Triangulation is a name given to a political act in which a candidate in a traditional continuum-based political system tries to position him or herself outside of the continuum, or perfectly balanced in the middle. It is a relatively recent phenomenon on a large scale, although it has been used to some extent for as long as modern politics have existed.
At its most basic, a candidate trying to utilize triangulation is trying to avoid the pitfalls of placing themselves on either end of the traditional Left-Right political system. As more citizens in a democracy find themselves pulled to various ideologies on both sides, aligning oneself too closely with either end of a spectrum runs the risk of alienating voters by appearing too radicalized.
An added bonus of triangulation is that it allows a candidate to cherry-pick which issues they want to take credit for from both ends of the political spectrum.
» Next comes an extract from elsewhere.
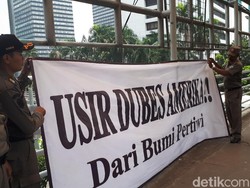 Satpol PP Turunkan Spanduk Pengusiran Dubes AS di Dukuh Atas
This means the candidate can, through triangulation, appear to agree with their opponent when it makes political sense to do so, and disagree when public opinion is against the opposing viewpoint.
In 1996, during President Bill Clinton’s re-election bid against Republican Bob Dole, his chief political advisor, Dick Morris, articulated a new strategy, which he dubbed triangulation. The idea was to shore up Clinton’s weak spots by catering to certain Republican ideas. Since the Republicans had recently taken the House and the Senate, this made a great deal of sense. Political triangulation allowed Clinton to capitalize on his folksy charm and high approval ratings, while also capturing the general public desire for many mainstream Republican ideas and a kneejerk shying away from traditional Democratic ideas.
The most striking example of Clinton’s use of triangulation came during his State of the Union Address in 1996, when he famously announced that the Era of Big Government was over. The Democratic Party had long held that big government was in fact a beneficial thing, and the idea that big government was something to get away from was a very populist Republican idea. Clinton coupled this statement with other ideas traditionally thought of as Republican policies, including tax cuts, balancing the budget, and reforming welfare. This political triangulation in large part allowed him to capture traditionally Republican states, and easily win reelection.
There is a school of thought among many Democrats in the modern political landscape that triangulation is an outdated methodology, a sort of fluke that worked for Bill Clinton, and to some extent later for Republican George Bush, but which radically failed both Al Gore and John Kerry. Both Gore and Kerry attempted to use triangulation during their presidential bids, and both were unsuccessful.
Al Gore spoke of enormous tax cuts, seen by many as a form of triangulation, but this ultimately backfired, leading many to believe he was ceding ground to George Bush’s position. John Kerry later moved towards the center and right on many issues, most notably the Iraq War, and was lambasted by the Right and the media for “flip flopping.”